L'envol du migrateur, trois microromans
de Ismail Kadare

critiqué par Jules, le 10 octobre 2001
(Bruxelles - 79 ans)


La note:  étoiles
Des horreurs de la dictature
Je suis toujours très impatient de découvrir un nouveau livre d'Ismaïl Kadaré. Celui-ci vient de sortir de presse, puisque son impression date du mois de septembre. Je me suis rué et bien m'en a pris !
Au lieu du mot « nouvelles », nous trouvons celui de « microromans ». Pourquoi pas ?.
Le livre débute par « Le Chevalier au faucon ». Nous sommes en 1939, l’Italie s'apprête à envahir l'Albanie et le comte Ciano, beau-fils du Duce survole les côtes en avion. Ce faisant, il découvre un endroit superbe et décide de s’y faire construire une somptueuse maison qui lui servira de « pavillon » de chasse. Il prend un architecte romain, gravement malade du foie, qui conçoit pour lui un bâtiment hors du commun. La première page nous parle de l'architecte, d'un tableau, « Le Chevalier au faucon » qui se trouve dans un musée scandinave, et d'un jeune albanais de dix sept ans. Un lien se tissera entre les trois. A son premier séjour dans cette maison, Ciano découvre que son architecte a vraiment conçut un ensemble des plus particuliers ! Il s'y sent comme envoûté
et l’ambiance dégagée par les lieux semble lourde, pleine de significations et de signaux. Nous suivrons l’histoire de la maison à travers le temps jusqu'à nos jours.

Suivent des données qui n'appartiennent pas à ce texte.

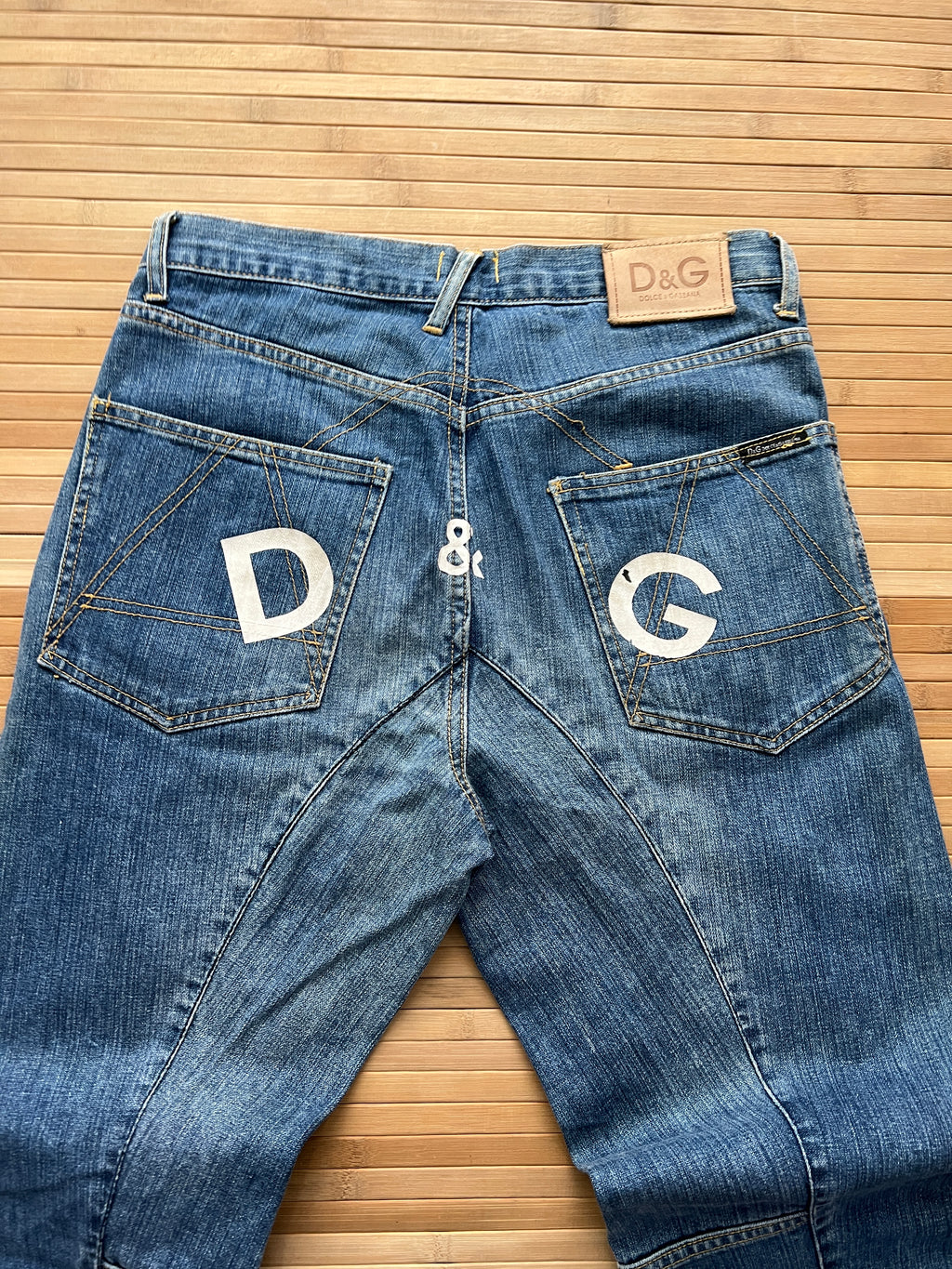 Dolce & Gabbana Womens Jeans (30x34)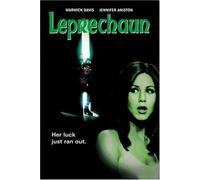 Leprechaun (DVD) Jennifer Aniston Warrick Davis Warwick Davis Ken Olandt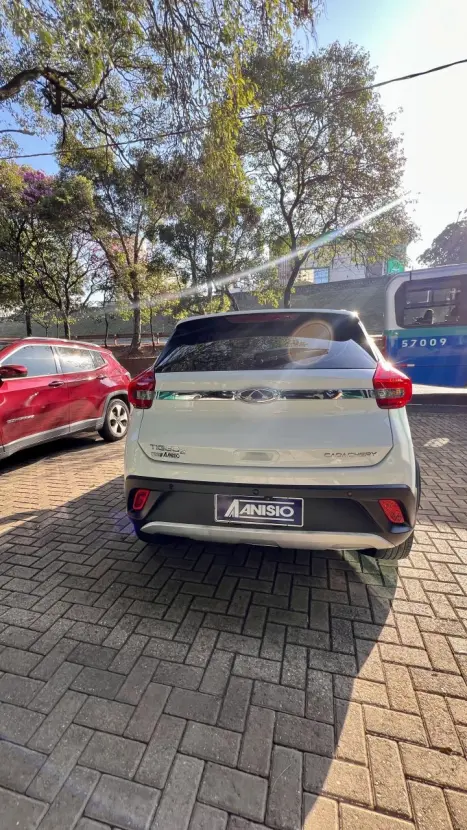 CHERY Tiggo 2 1.5 16V 4P FLEX LOOK AUTOMTICO, Foto 5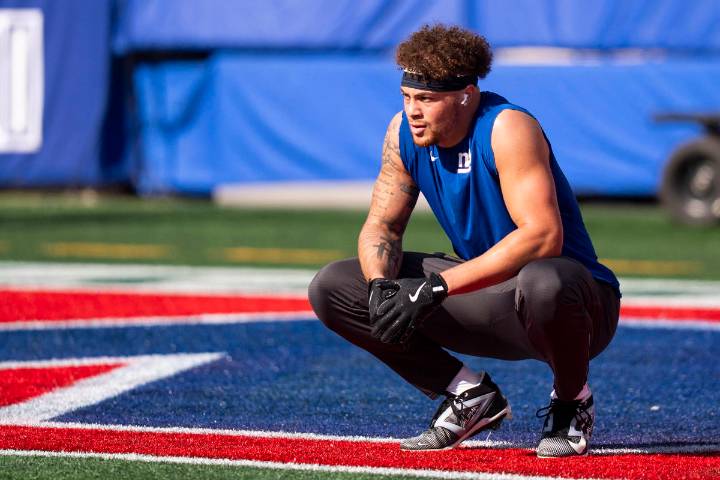 What is Theo Johnson’s Net Worth in 2025? All About NFL TE’s Salary, Career Earnings & More Find out New York Giants TE Theo Johnson's Net Worth, contract details, his salary and career earnings and m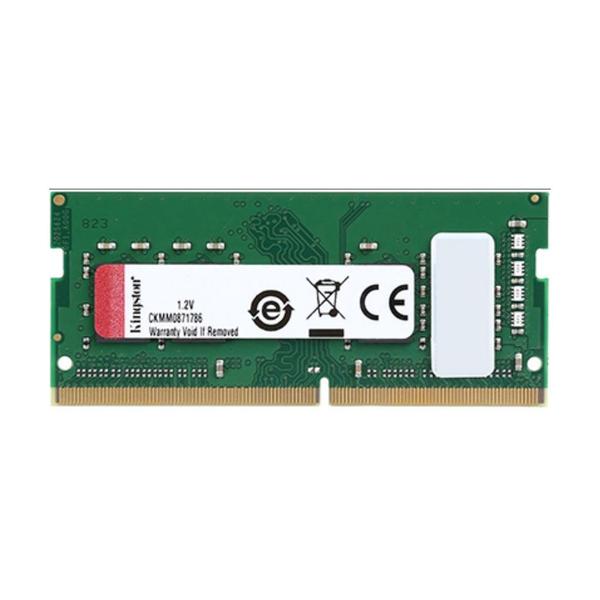 Imagem de Memória RAM Notebook DDR4 8GB 2666Mhz KINGSTON KVR26S19S8/8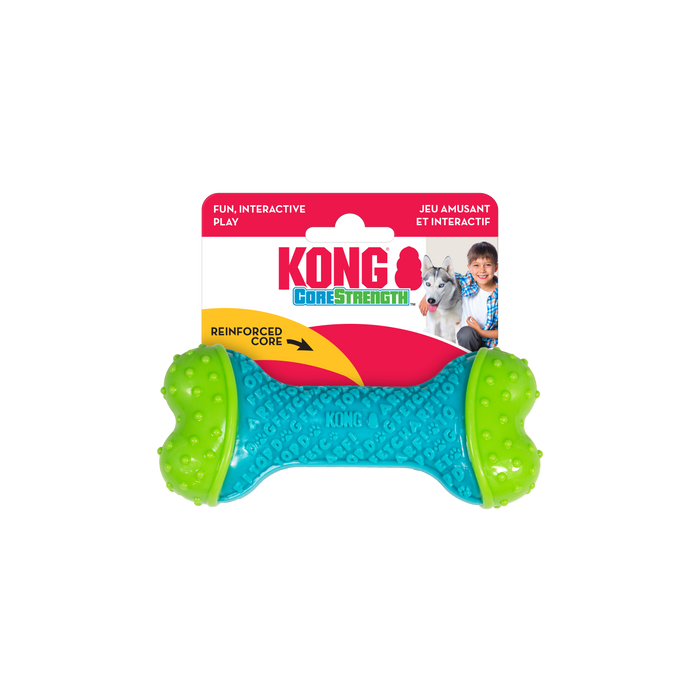 Kong Dog Toy Corestrength Bone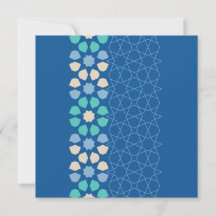 Turquoise Tranquility Rhythm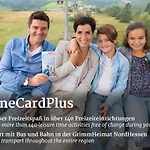 Appartement Fewo Haus Bellevue - In Traumhafter Naturlage - Inkl Meinecardplus Willingen (Upland)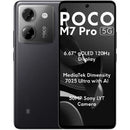 SMARTPHONE XIAOMI POCO M7 PRO 8GB 256GB 6.67" 5G NEGRO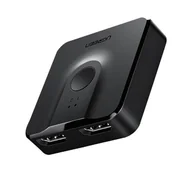 Akcesoria do słuchawek - UGREEN CM217 2w1 HDMI 2.0 - miniaturka - grafika 1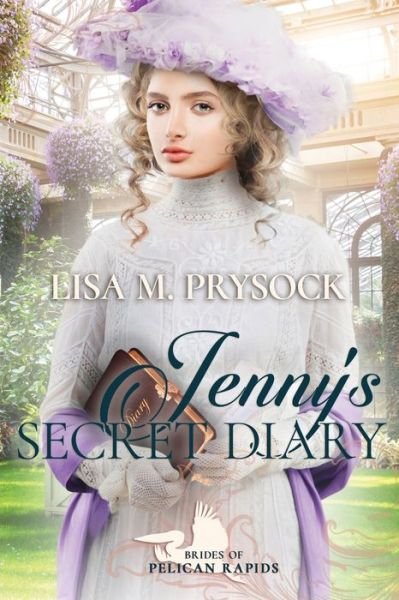 Cover for Lisa Prysock · Jenny's Secret Diary (Paperback Book) (2020)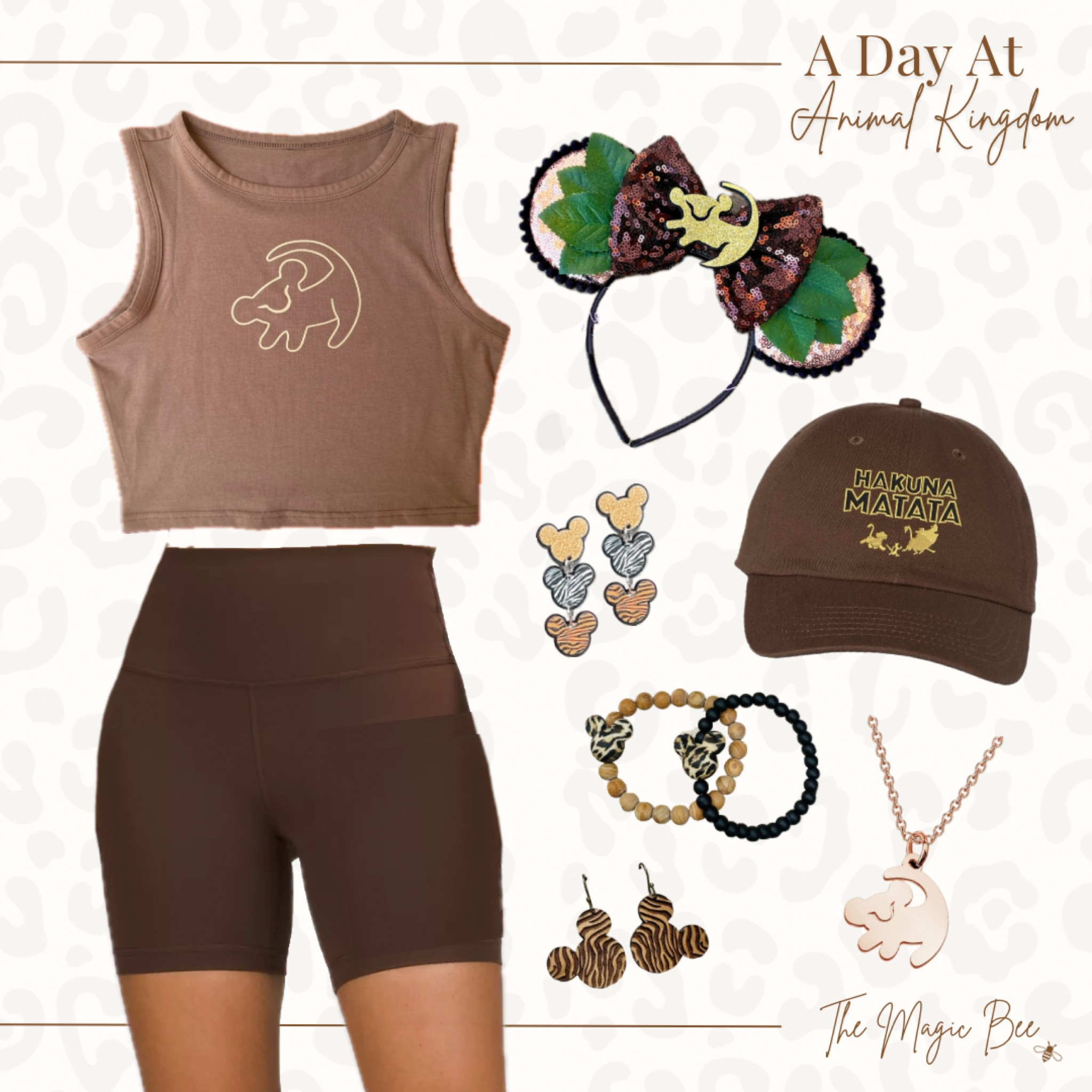 Casual Animal Kingdom day fit! 
#Disney #DisneyOutfit #AnimalKingdom

#LTKstyletip #LTKSpringSale #LTKtravel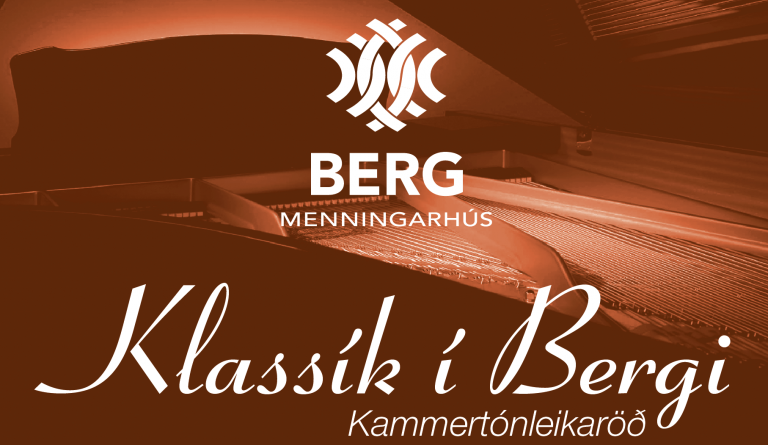 Sala áskriftarkorta að hefjast á Klassík í Bergi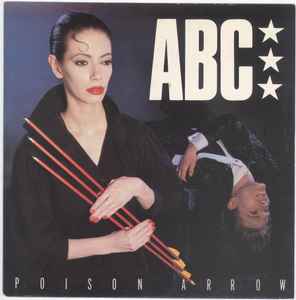 ABC - Poison Arrow album cover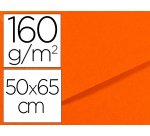 Papier dessin canson feuille mi-teintes n 502 grain        gelatine haute teneur coton   160g 50x65cm unicolore havane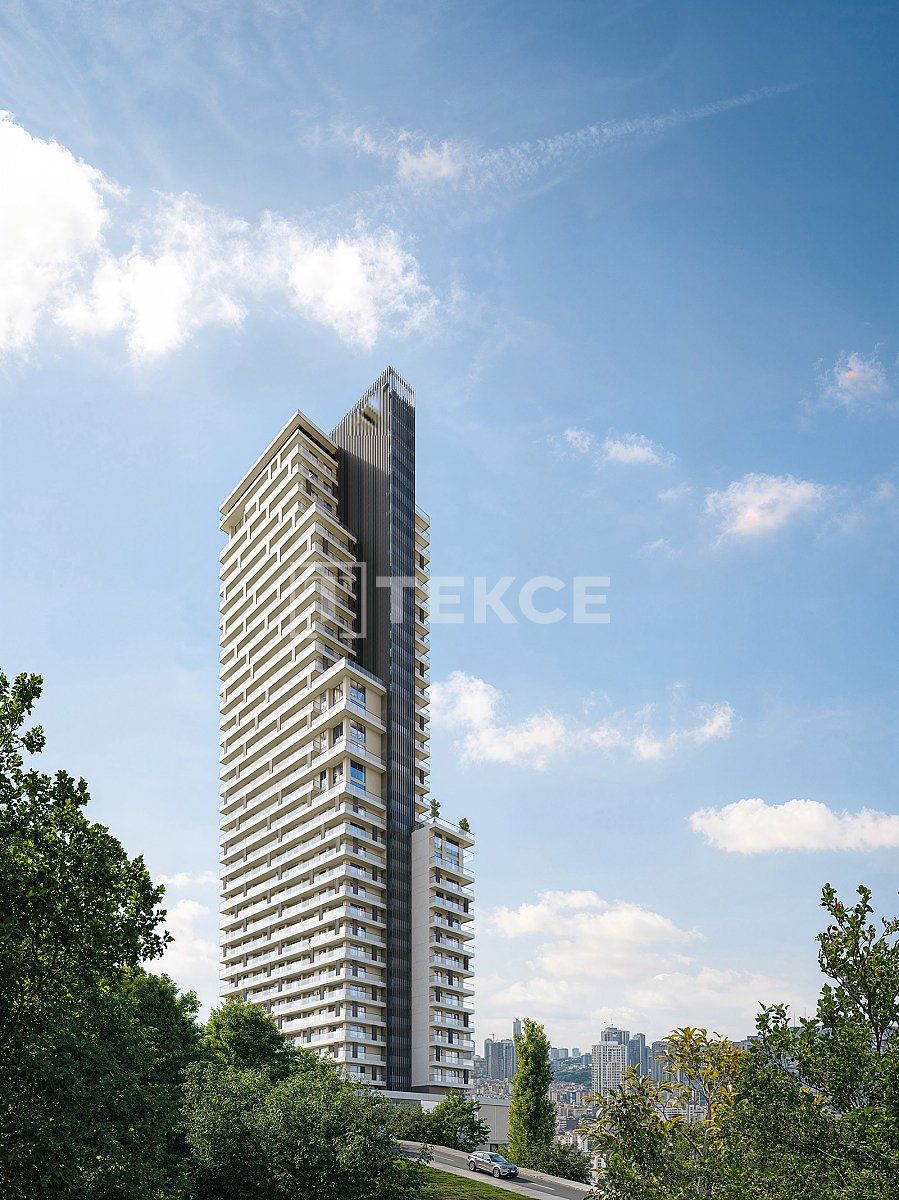 Апартаменты в Анкаре, Турция, 191 м² - фото 1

Dans le second microroman, Kadaré nous raconte l’histoire d'un jeune écrivain qui travaille à « L'Union des Ecrivains albanais» dont le siège est dans la capitale Tirana. L’immeuble est situé face à une petite maison dans laquelle habite probablement la dernière prostituée de la ville. Elle est jeune et très belle, sa démarche est sensuelle et dépourvue de toute vulgarité. Elle va envahir l'esprit de notre jeune homme au point que celui-ci finira par faire un amalgame inconscient entre l’ Union des Ecrivains et elle. Mais voilà que les temps changent, qu’Enver Hoxha change sa politique et coupe son pays de tout contact avec l'étranger. Une chape de plomb va tomber sur la culture et les écrivains en particulier. Enver Hoxha crée le principe de « la rotation » et ils seront tous envoyés dans des trous aux fins fonds du pays. Jamais notre jeune écrivain n’arrêtera de penser à la belle prostituée.
Pourtant le désespoir s'emparera bien souvent de lui et il se dit : « Pourquoi cette démence sans fin, pourquoi aussi cette niaise soumission, cet aveuglement ? Pas une voix pour dénoncer, pas un seul geste de courage, fût-il sans espoir ! »
« L’Envol du Migrateur » est le troisième microroman. Un homme marche en rue et est abordé par un casse-pieds notoire que tout le monde tente toujours d'éviter. Cette fois ci il n’y arrive pas et voilà que cet homme lui annonce que le poète Lasgush Poradeci vit une aventure amoureuse. Notre héros est fou de bonheur à l'annonce de cette nouvelle ! Lasgush Poradeci est un homme d'une autre génération, de celle, plus ancienne, qui n’a pas abandonné ses manières d'antan et ne se laisse pas étouffer par la tyrannie du pouvoir en place. Ils n'entendaient plus parler de lui depuis bien longtemps et les écrivains le prenaient pour mort. Alors que c'était lui qui les considérait comme des morts, car ils avaient abdiqué devant le dictateur. Notre homme n'aura de cesse que de retrouver Lasgush Poradeci et de l'entendre lui confirmer que c’est bien vrai, qu’il a bien vécu une aventure amoureuse. Celle-ci est comme un défi direct au tyran et, de plus, elle est vécue dans la ville d’eau où se rend Enver Hoxha en vacances. Cette histoire amoureuse est tout un symbole !
Le style de Kadaré est toujours aussi beau, mais ses récits gagnent peut-être encore un peu en subtilité de construction . Une fois de plus, il nous donne ici de très beaux textes dénonçant la dictature sous tous ses aspects.